An article appears in the Daily Mail last week about a Wife whose case went to the Court of Appeal. Apparently she was arguing that her husband should never have been "allowed" to divorce her because the grounds were so "trivial".
The article tells of how she had broken down in tears in Court when she described the particulars of his unreasonable behaviour petition as "normal squabbling between a husband and wife". According to the piece, the Court of Appeal , though sympathetic, did not allow her appeal. Thorpe LJ said that although the marriage could not be saved he felt "the sadness of the wife’s position and her complete inability to accept what has happened to her."
As practitioners, we often come across situations where one client wants a divorce and the other does not feel ready to let go of the relationship. In those circumstances, it is only right that the person who feels the marriage has irretrievably broken down has the right to bring it to an end.

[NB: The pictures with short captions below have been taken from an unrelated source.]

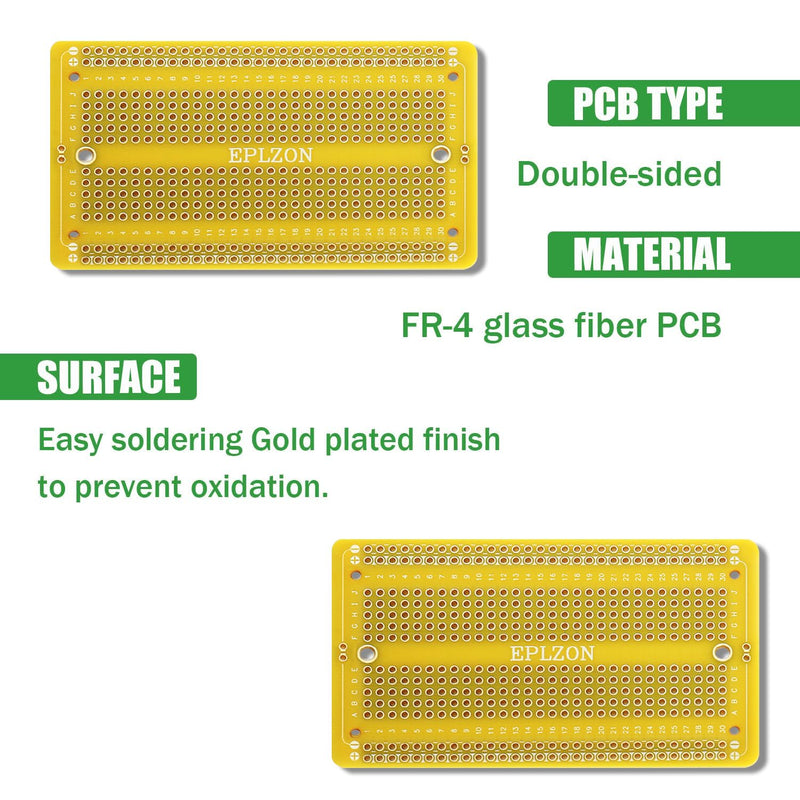 [Australia - AusPower] - 10 Pcs Solderable Breadboard PCB Board Gold-Plated Solder Breadboard for DIY Electronics Projects Apply to Soldering Projects 3.5"x2.05" (Yellow) Yellow 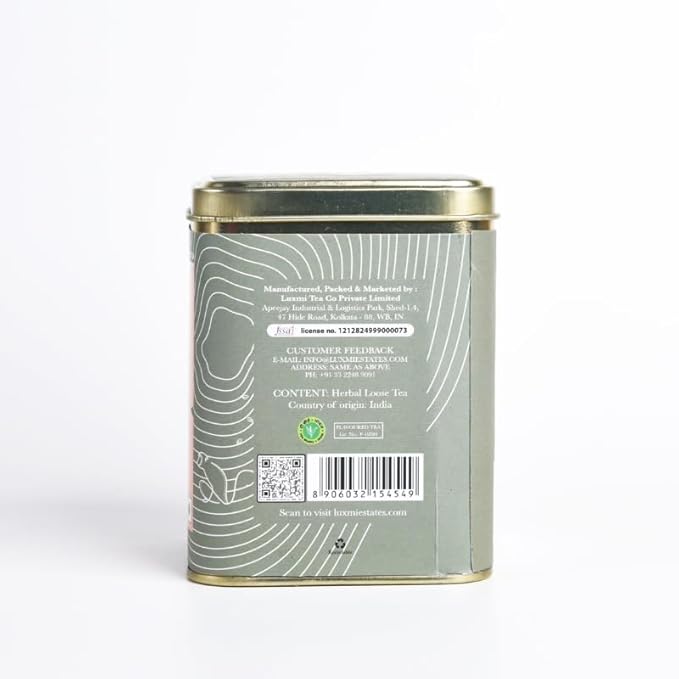 Luxmi Estates - Peach Mint Tea - 100g (50 Cups) | USDA Certified Organic Herbal Tea | Caffeine-Free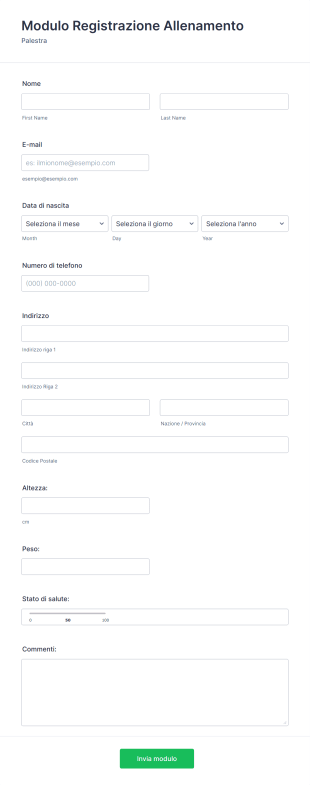 Modulo Registrazione Per Palestra Form Template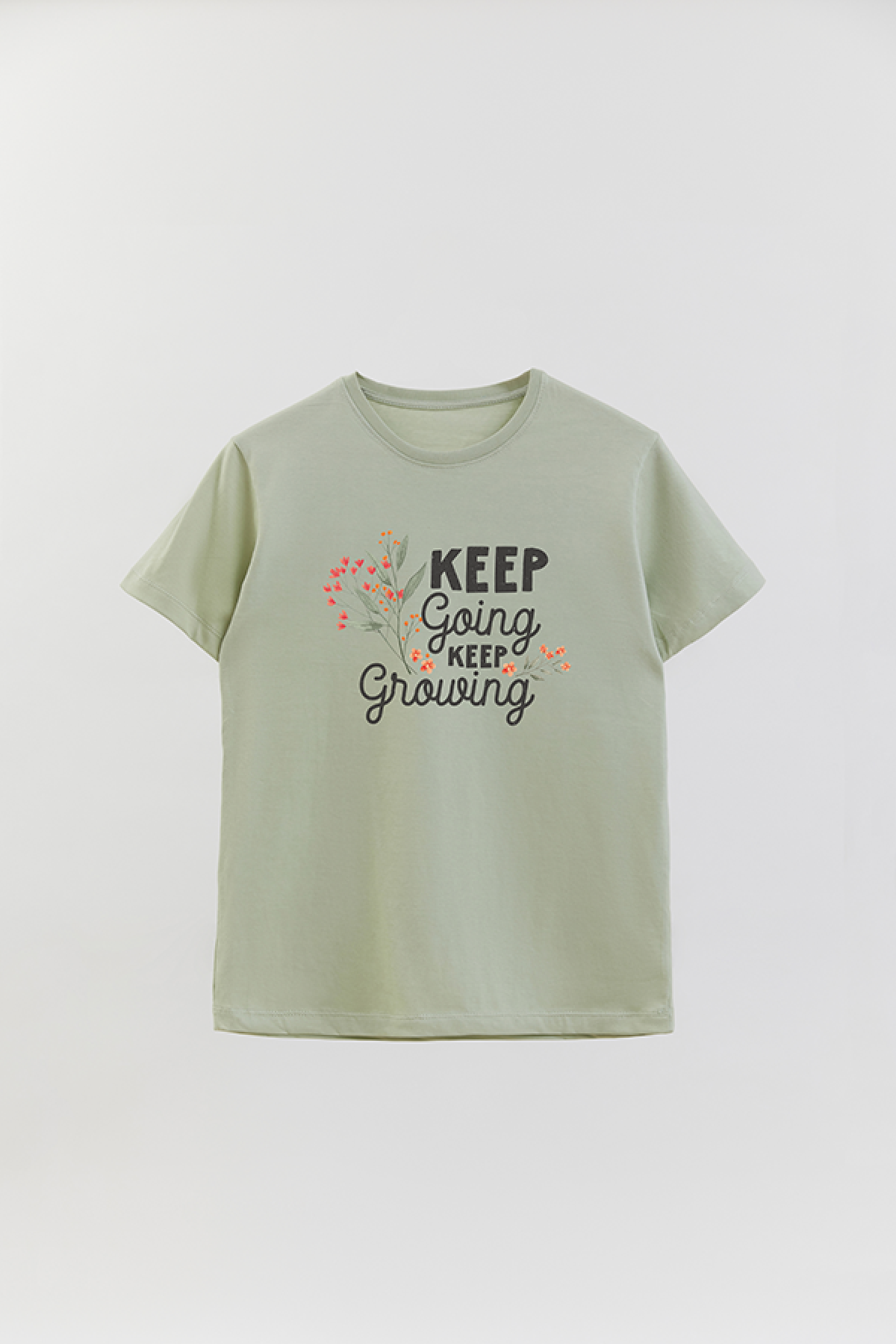 REMERA BASICA ESTAMPADA FLO KEEP GOING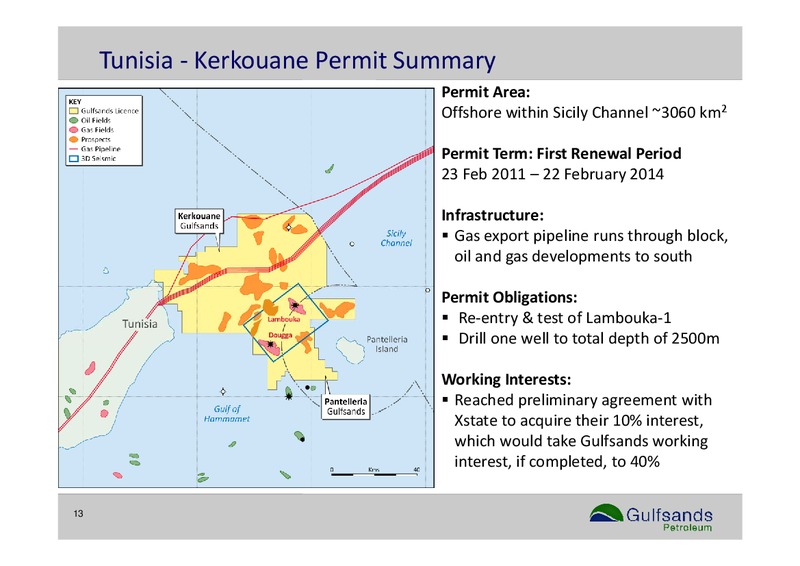 INTERIM RESULTS PRESENTATION – Gulfsands Petroleum Plc – slide 13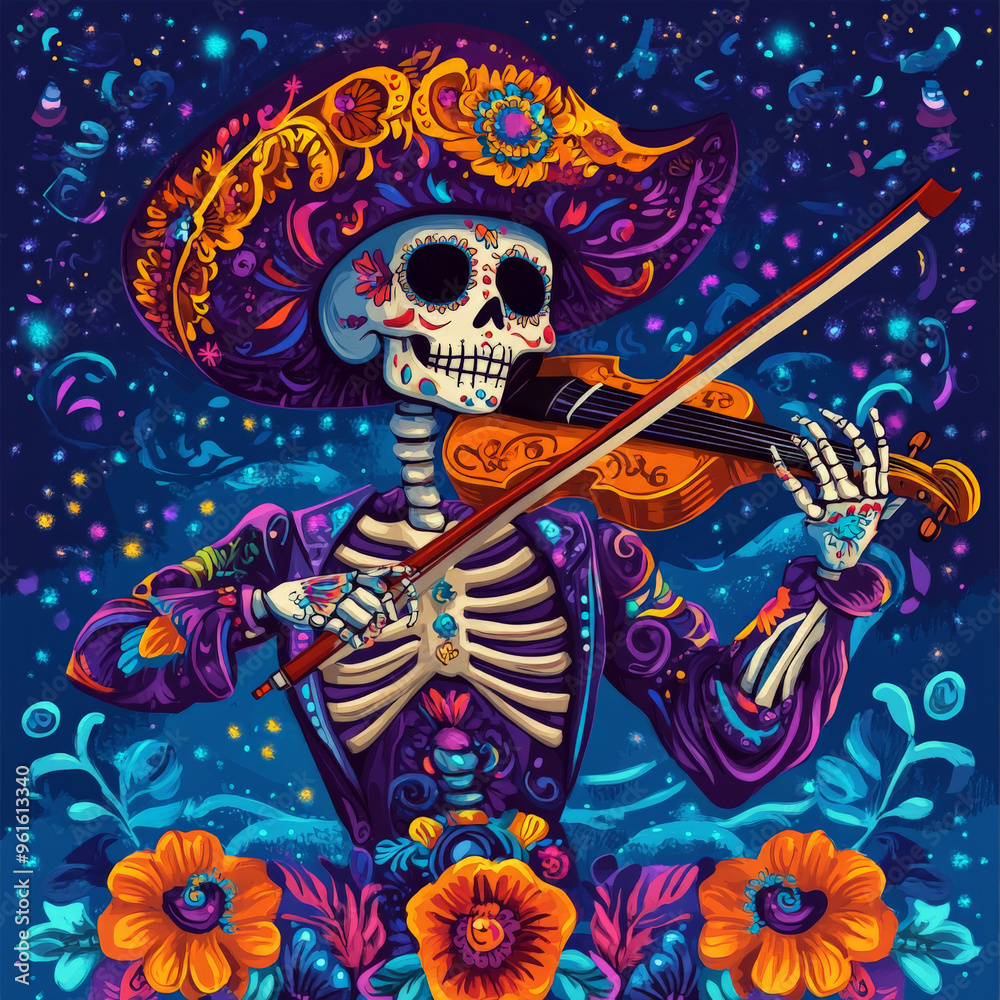 Violin-playing skeleton adorned with flowers for Dia de los Muertos
Violin-playing skeleton adorned with flowers for Dia de los Muertos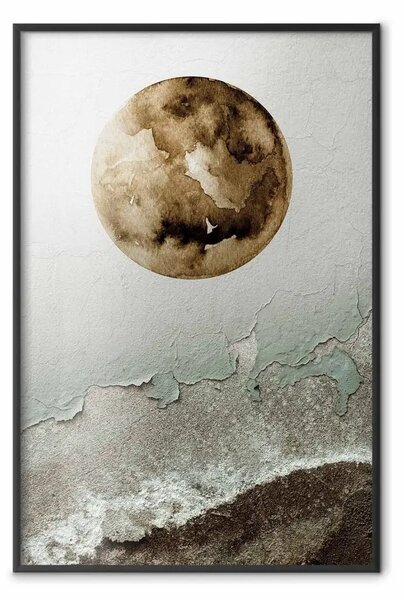 Poster: Flusso verde - luna e imitazione del mare in tema astratto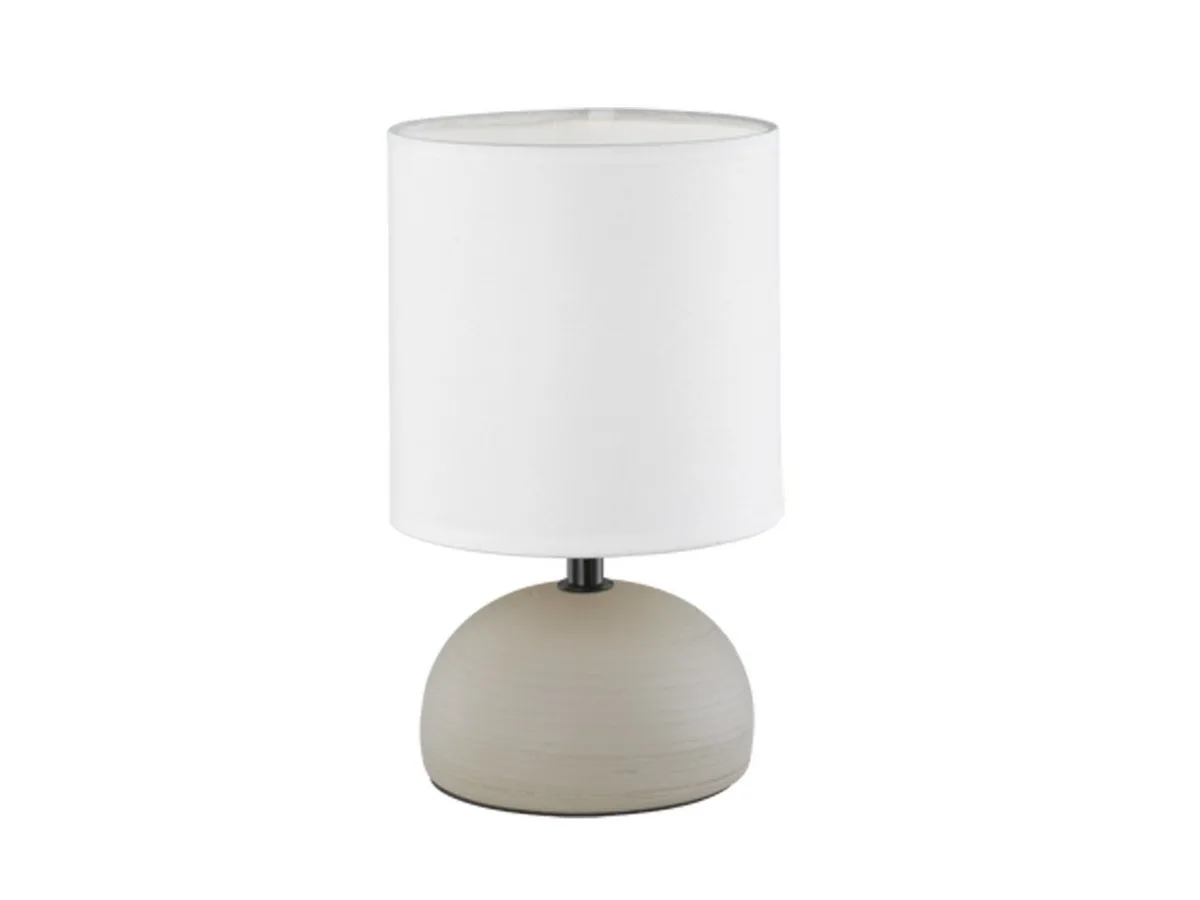 Nachttischlampe Keramik-Fuß & Stoffschirm Höhe 23cm, dimmbar, LED wechselbar, Warmweiß, kleine Tischlampe für Fensterbank, Tischleuchte inkl. E14 LED de Reality en Beige – photo produit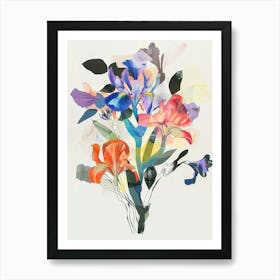 Iris 1 Collage Flower Bouquet Art Print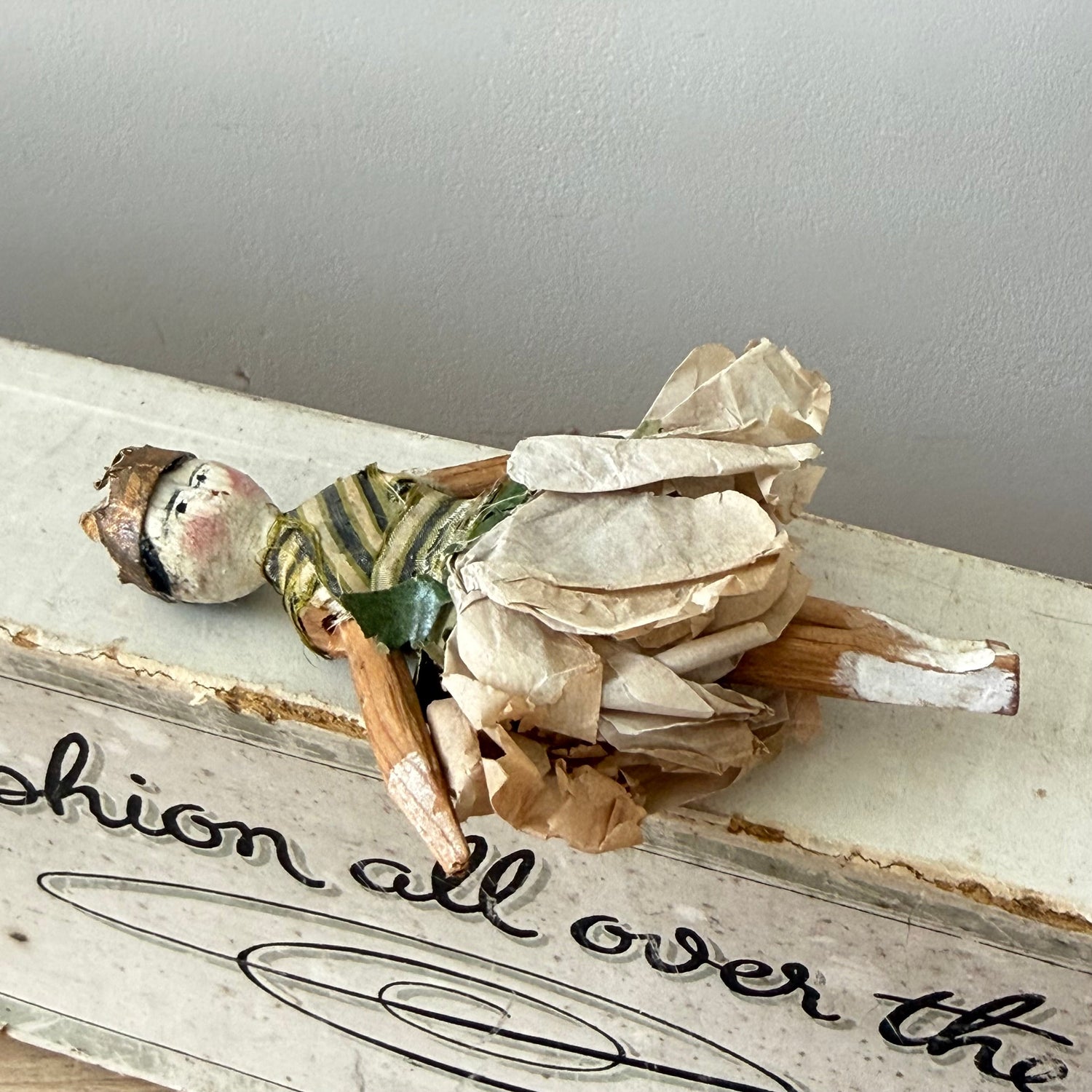 Antique Miniature Peg Doll Paper Dress Folk Art Hand Painted c1920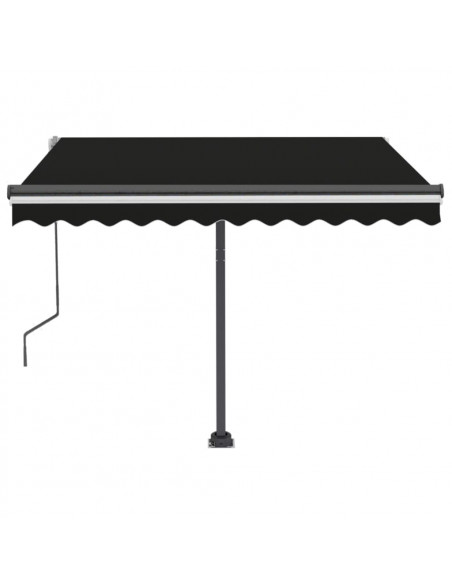 Tenda da Sole Retrattile Manuale con LED 300x250 cm Antracite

Having explained to many clients over the years that if they have not been separated for two years and both parties have been faithful, they need to be prepared to cite some aspects of the other party's behaviour, I am very familiar with the appellant in this case's emotional reaction to the particulars cited by the husband.
The current practice among family lawyers for making unreasonable behaviour particulars as anodyne as possible is the next best thing to the no fault divorce system contained within the Family Law Act 1996 which was never brought into force. It is a compromise position; a practical means of mitigating the animosity when marriages come to an end within the Matrimonial Causes Act 1973. This case does show, however, the pitfalls operating a no fault system within a 40 year old legislative framework and the difficulties for lay clients trying to grasp the finer points of the system. For a system that is meant to help parties move on, reflecting on the wreckage of a broken relationship by picking out the aspects that are least offensive (but still offensive enough) seems an odd starting point.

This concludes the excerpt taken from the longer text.